Ciò che ha affascinato molti è stato il metodo stesso: un processo creativo usato per far incontrare le persone, favorendo l’espressione di sé sia attraverso il dialogo che attraverso la comunicazione visiva. Il pubblico era variegato: dai semplici curiosi, attratti magari per caso dalla sagra paesana in corso, ai familiari delle partecipanti, fino a operatori del sociale e artisti locali. In molti si sono soffermati davanti al breve filmato esplicativo che illustrava le fasi del percorso, restituendo il senso profondo dell’esperienza vissuta.
Ma “Raccontami di te” non è stato solo un progetto artistico. È stato, a tutti gli effetti, un esempio riuscito di sinergia tra enti pubblici, realtà del terzo settore e comunità locale. Ha dimostrato come anche in un piccolo paese, lontano dai riflettori delle grandi città, sia possibile costruire esperienze significative di inclusione, in cui l’arte diventa strumento di relazione, di cittadinanza attiva, di trasformazione sociale. La mostra, infatti, è il risultato tangibile di un lavoro invisibile: quello delle relazioni che si creano nel tempo, della fiducia che si costruisce poco alla volta, della bellezza che nasce dall’incontro tra differenze.
In un’epoca in cui anche nei contesti rurali si moltiplicano le solitudini e le fratture sociali, “Raccontami di te” ci ricorda che le relazioni sono la prima infrastruttura della comunità. E che, per coltivarle, non servono grandi risorse, ma luoghi accoglienti, ascolto autentico e spazi in cui ciascuno possa sentirsi libero di raccontare chi è.

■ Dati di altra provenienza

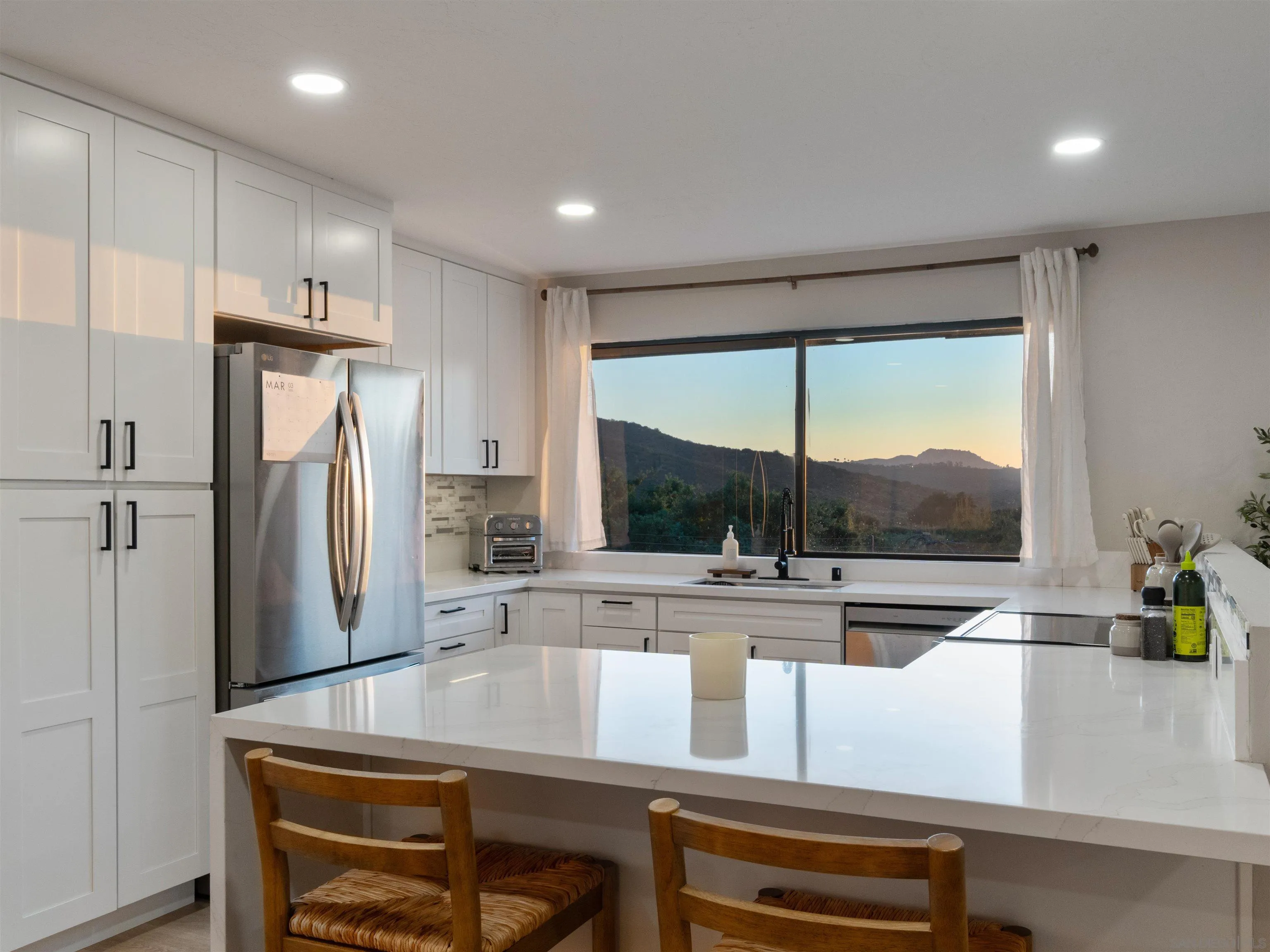 https://cdn.realtyfeed.com/cdn/127/260007040/8515b7d9ebc3b02e3fe5cd5d9fe357bf.webp
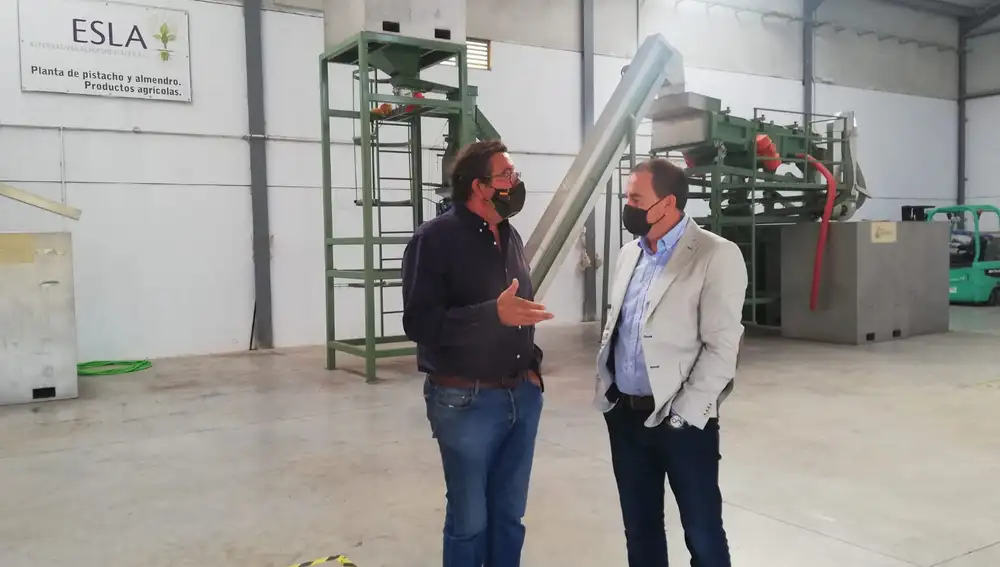 El presidente de la Diputación de Zamora, Francisco José Requejo, visita la empresa de Pistachos de Villalpando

Perché ogni parola ascoltata, ogni volto riconosciuto, ogni storia condivisa è una pietra posata nel costruire una città — o un paese — più umano.
Nota: il progetto è stato possibile anche grazie a una donazione privata al Comune di Brugnera e alla disponibilità dell’Oratorio Don Bosco di Maron, che ha ospitato sia i laboratori sia l’esposizione finale nei giorni della sagra paesana.